• [Task]
Could you give back exactly the lines below from the one with "Chief Master Sgt. James" through the one with "a stone bathroom", without a single picture?

• [Records for this task]
______________________________

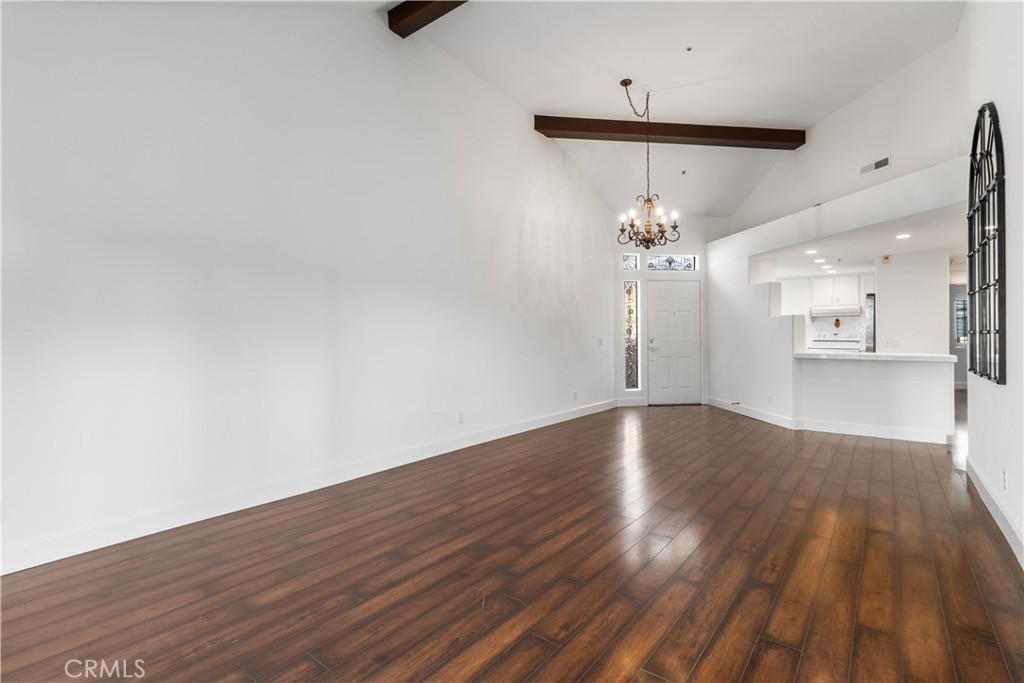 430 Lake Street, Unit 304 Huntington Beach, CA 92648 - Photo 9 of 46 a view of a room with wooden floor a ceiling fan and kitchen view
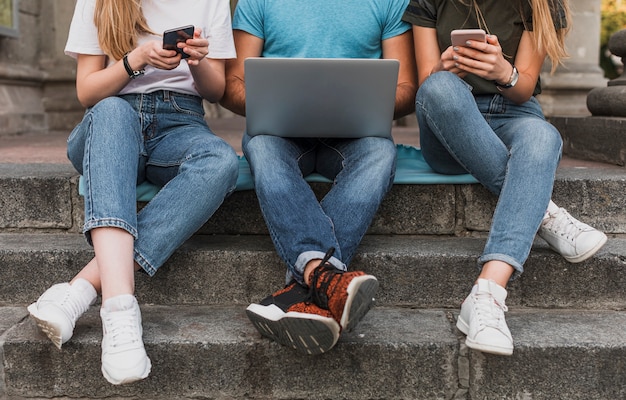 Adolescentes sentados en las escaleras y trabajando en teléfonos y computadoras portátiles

______________________________

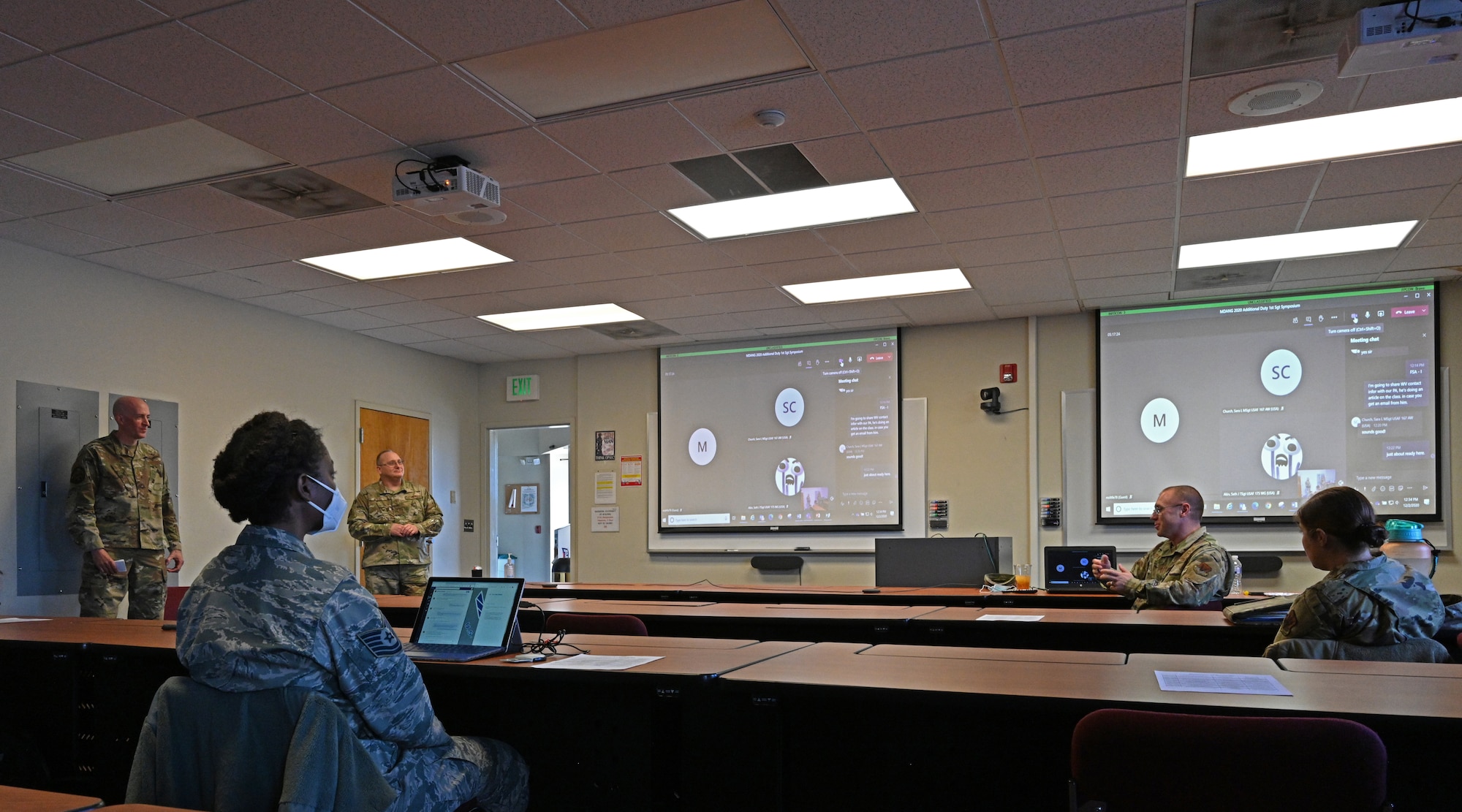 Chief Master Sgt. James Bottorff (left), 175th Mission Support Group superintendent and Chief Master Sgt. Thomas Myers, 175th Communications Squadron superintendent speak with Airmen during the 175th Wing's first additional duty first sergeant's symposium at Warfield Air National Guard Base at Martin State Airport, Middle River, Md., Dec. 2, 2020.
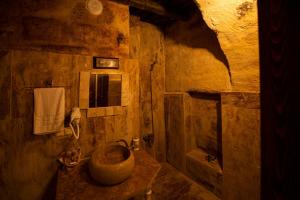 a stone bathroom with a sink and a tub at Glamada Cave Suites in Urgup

______________________________

• [Reply to the task]
 Chief Master Sgt. James Bottorff (left), 175th Mission Support Group superintendent and Chief Master Sgt. Thomas Myers, 175th Communications Squadron superintendent speak with Airmen during the 175th Wing's first additional duty first sergeant's symposium at Warfield Air National Guard Base at Martin State Airport, Middle River, Md., Dec. 2, 2020.
 a stone bathroom with a sink and a tub at Glamada Cave Suites in Urgup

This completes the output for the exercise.